JO 2021: tennis-ballon, Marseillaise, urinoir porte-bonheur, les fleurettistes français savourent
Il s’en va par la plus grande des portes. Une porte en or massif. Pour la dernière compétition de sa carrière, Erwann Le Péchoux a décroché la médaille d’or en compagnie de l’équipe de France de fleuret, ce dimanche aux Jeux olympiques 2021. De quoi donner un large sourire à l’escrimeur de 39 ans, sur son petit nuage à Tokyo.
"J’ai savouré le moment passé sur la piste avec les gars. J’ai savoure notre journée, qui a été dure mais incroyable. Par contre, je ne réalise pas encore qu’on est champions olympiques, explique-il. Il va falloir encore quelques jours pour ça. Je réalise qu’on a été incroyables tous les quatre, soudés, unis. Ils m’ont offert un beau cadeau pour ma dernière. Il y a eu pleins de mots et pleins d’émotions, c’est ce que je retiens aujourd’hui. Ce n’est pas forcément la victoire, c’est surtout le soutien des gars."
Des gars qui se sont battus ensemble, les uns pour les autres, afin de surclasser la Russie lors d’une finale à sens unique (45-28). Hitoire d'offrir à l’escrime française une cinquième médaille au Japon (dont deux en or). "Cette équipe s’est bâtie sur des années, raconte Enzo Lefort. Je passe plus de temps avec ces gars-là qu’avec ma famille. Je les vois le matin, l’après-midi. Parfois, on déjeune ensemble. On fait des trucs en dehors de l’Insep, où on s’entraîne. Quand on part en compétition, on est en chambre ensemble. On découvre des villes ensemble. On vit ensemble et c’est ce qui fait notre différence avec les autres nations. On n’est pas juste une addition d’individualités. On est un collectif. On connaît nos forces et nos faiblesses. Il y a des trucs qu’on ne peut pas expliquer."
"Le coach du Japon a changé d'urinoir"
Maxime Pauty, le remplaçant du groupe (qui n’a pas combattu en finale), livre tout de même une anecdote amusante sur cette vie collective. "Je gère le côté superstitieux, c’est moi qui m’occupe du karma, témoigne-t-il. Lorsque je vais aux toilettes, depuis le début de la journée, je vais au même urinoir. Il y en a trois, je choisis celui du milieu, comme la première marche du podium. Mais avant la finale, je suis arrivé pour pisser et tous les urinoirs étaient libres sauf le mien. C’était le coach du Japon. Je me suis arrêté et j’ai attendu. Et là il m’a fait: ‘mais qu’est-ce qu’il se passe?’. Et je lui ai dit: ‘c’est mon urinoir, je suis superstitieux’. Il n’avait pas commencé, du coup, il a changé et il m’a laissé l’urinoir. C’est grâce à ça qu’on a gagné (sourire)."

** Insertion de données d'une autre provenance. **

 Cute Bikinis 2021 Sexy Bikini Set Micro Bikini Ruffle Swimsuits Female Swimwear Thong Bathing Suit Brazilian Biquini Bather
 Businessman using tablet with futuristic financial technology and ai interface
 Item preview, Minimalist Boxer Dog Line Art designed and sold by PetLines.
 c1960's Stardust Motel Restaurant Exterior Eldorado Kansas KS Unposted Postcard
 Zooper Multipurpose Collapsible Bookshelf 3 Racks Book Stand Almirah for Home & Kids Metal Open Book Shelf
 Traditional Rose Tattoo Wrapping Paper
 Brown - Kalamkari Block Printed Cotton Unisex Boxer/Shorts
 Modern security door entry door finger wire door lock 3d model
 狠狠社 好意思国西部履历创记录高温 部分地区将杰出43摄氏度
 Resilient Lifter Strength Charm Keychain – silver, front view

Au-delà de ce petit rituel, les Français se sont aussi distingués par leur décontraction durant cette journée historique. "On s’est échauffés avec un tennis-ballon avant la finale, s’amuse Lefort. Les Russes faisaient des étirements, ils avaient leur routine. Et nous, on faisait un tennis-ballon. C’est aussi ça qui caractérise cette équipe, c’est le fun. On s’amuse, on prend du plaisir ensemble."

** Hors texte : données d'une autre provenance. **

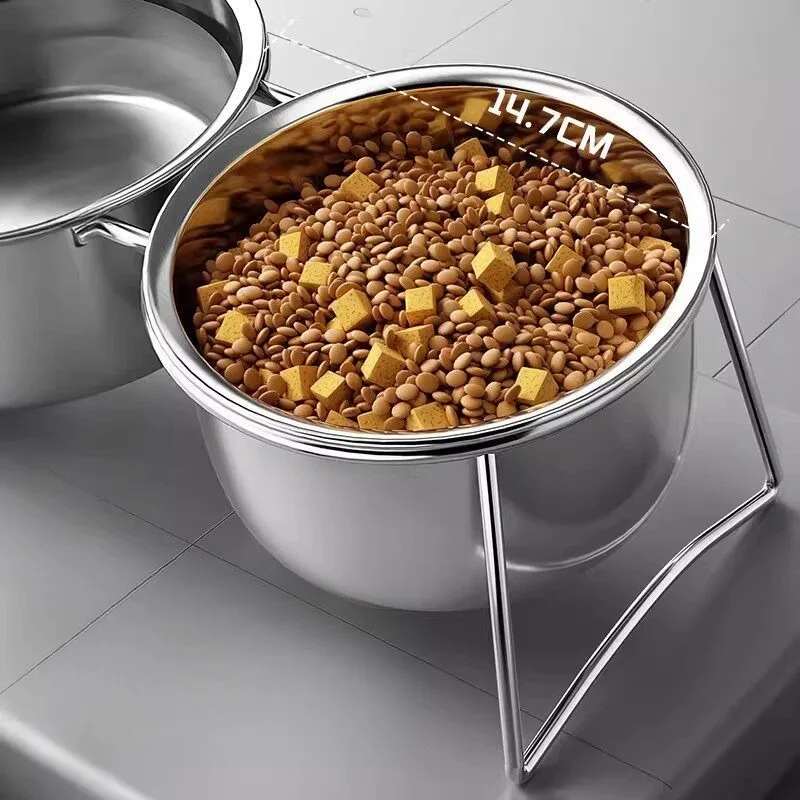 New Stainless Steel Double Bowl Pet Feeding Station Elevated Dog Bowl Pet Feeder and Water Dispenser Dogs Accessoires view 3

"J'ai chanté faux pendant la Marseillaise"
"Ça fait cinq ans qu’il n’y a pas de compétition. On a su créer des choses à l’entraînement pour garder cette motivation et cette force d’équipe, appuie Julien Mertine. Ça paye. Les émotions sont là. J’ai pleuré pendant la Marseillaise et du coup, j’ai chanté faux." Le Péchoux a lui aussi été envahi par l'émotion durant les hymnes: "C’’était un beau moment de voir le drapeau comme ça. Je garde de très mauvais souvenirs de Rio, malgré la médaille. Ça a été très dur pour moi émotionnellement. Du coup, là j’ai vraiment savouré de voir le drapeau au-dessus des autres. C’était une fierté, ça m’a fait du bien."
En battant les Russes, les Bleus se sont effectivement offert une revanche étincelante après leur finale perdue à Rio il y a cinq ans. "Ça trottait dans la tête de tout le monde, reconnaît Lefort. C’est ce qui a fait qu’on a été aussi rigoureux. N’importe quelle touche pouvait nous mettre en danger. On ne voulait leur donner aucune touche facile. On a tiré comme des morts de faim. On ne leur a laissé aucune touche facile. C’est pour ça qu’il y a un tel écart. Cette déconvenue de Rio nous a donné un supplément d’âme."